In the operation of the present invention, which specifically provides a method of replenishing lubricant in a downhole motor, the method comprises injecting replenishment lubricant from a reservoir of replenishment lubricant in the downhole motor into a bearing pack of the downhole motor as the downhole motor operates. Referring to FIG. 1, lubricant from the reservoir 6 in the rotor 36 is ejected from the rotor and injected into the bearing pack 32 of the downhole motor. A particular implementation of this method comprises operating a downhole motor disposed in a subterranean environment, including pumping fluid into the downhole motor. Referring to FIG. 1, fluid 104 (for example, drilling fluid or other suitable fluid) is pumped from the surface in known manner, through the coiled tubing and the top sub 24, into the space between the stator 34 and the rotor 36 as represented in the drawing. The force of this flow moving through the grooves on the stator and rotor rotates the rotor 36, and this pumped fluid also creates pressure that is communicated through the orifice 22 in the plug 18.

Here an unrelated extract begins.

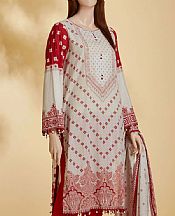 Red/White Lawn Suit (2 Pcs)- Pakistani Lawn Dress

The method further comprises moving lubricant from the reservoir. In general, this can be by any suitable force (for example, gravity feed, centrifugal force); however, as mentioned with regard to the FIG. 1 implementation, pressure responsive to the pumped fluid is communicated through the orifice 22, and this pressure acts against the piston 16 disposed in the reservoir with the lubricant 12. This automatically pushes lubricant out of the lower end of the reservoir 6 and into the chamber 56 of the bearing pack 32 as lubricant previously in the chamber 56 depletes. The lubricant moves out of the reservoir 6, into the passage 96 of the flex coupling 30, and then into the upper cavity 68 of the flow diverter 28.
This moved lubricant and the pumped motive fluid within the coiled tubing downhole motor are cross-channeled through the flow diverter 28 of the illustrated embodiment. The moved lubricant is conducted from the reservoir via the flex coupling 30 and then through the upper cavity 68, the bore 92 and the aperture 74, and into the outer lubricant chamber 56 of the bearing pack 32; thus, lubricant is automatically maintained in the bearing pack until the reservoir supply is depleted, which enables the motor to be used considerably longer than would be typical in the type of prior downhole motor that does not have a replenishment reservoir as described in the background above. The pumped motive fluid is conducted from outside the rotor 36, through the plurality of apertures 72 and bores 94 of the illustrated embodiment and the cavity 70 of the diverter 28, to the inner passageway 42 extending through the bearing pack 32 (and from there on out through the drill bit or other outlet).
Thus, the present invention is well adapted to carry out the objects and attain the ends and advantages mentioned above as well as those inherent therein. While preferred embodiments of the invention have been described for the purpose of this disclosure, changes in the construction and arrangement of parts and the performance of steps can be made by those skilled in the art, which changes are encompassed within the spirit of this invention as defined by the appended claims.